* _THE RECORDS_
◇ ◇ ◇ ◇ ◇

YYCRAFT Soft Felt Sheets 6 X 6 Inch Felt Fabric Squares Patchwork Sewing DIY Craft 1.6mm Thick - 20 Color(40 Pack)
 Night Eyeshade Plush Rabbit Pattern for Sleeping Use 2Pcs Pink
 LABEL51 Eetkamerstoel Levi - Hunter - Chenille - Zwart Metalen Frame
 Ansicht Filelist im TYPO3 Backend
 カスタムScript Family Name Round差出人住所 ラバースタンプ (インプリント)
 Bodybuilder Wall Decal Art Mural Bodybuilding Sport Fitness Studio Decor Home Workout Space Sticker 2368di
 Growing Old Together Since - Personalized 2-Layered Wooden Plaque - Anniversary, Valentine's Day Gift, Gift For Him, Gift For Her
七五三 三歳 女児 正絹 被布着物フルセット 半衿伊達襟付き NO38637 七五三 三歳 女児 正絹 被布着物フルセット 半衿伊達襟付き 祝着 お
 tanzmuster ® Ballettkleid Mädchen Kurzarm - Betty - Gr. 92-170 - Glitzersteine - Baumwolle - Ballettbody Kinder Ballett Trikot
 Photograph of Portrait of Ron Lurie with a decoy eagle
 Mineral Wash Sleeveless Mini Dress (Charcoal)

◇ ◇ ◇ ◇ ◇

* _WHAT IS NEEDED_
Retype the entire listing word for word.

* _WRITTEN SOLUTION_
YYCRAFT Soft Felt Sheets 6 X 6 Inch Felt Fabric Squares Patchwork Sewing DIY Craft 1.6mm Thick - 20 Color(40 Pack)
 Night Eyeshade Plush Rabbit Pattern for Sleeping Use 2Pcs Pink
 LABEL51 Eetkamerstoel Levi - Hunter - Chenille - Zwart Metalen Frame
 Ansicht Filelist im TYPO3 Backend
 カスタムScript Family Name Round差出人住所 ラバースタンプ (インプリント)
 Bodybuilder Wall Decal Art Mural Bodybuilding Sport Fitness Studio Decor Home Workout Space Sticker 2368di
 Growing Old Together Since - Personalized 2-Layered Wooden Plaque - Anniversary, Valentine's Day Gift, Gift For Him, Gift For Her
七五三 三歳 女児 正絹 被布着物フルセット 半衿伊達襟付き NO38637 七五三 三歳 女児 正絹 被布着物フルセット 半衿伊達襟付き 祝着 お
 tanzmuster ® Ballettkleid Mädchen Kurzarm - Betty - Gr. 92-170 - Glitzersteine - Baumwolle - Ballettbody Kinder Ballett Trikot
 Photograph of Portrait of Ron Lurie with a decoy eagle
 Mineral Wash Sleeveless Mini Dress (Charcoal)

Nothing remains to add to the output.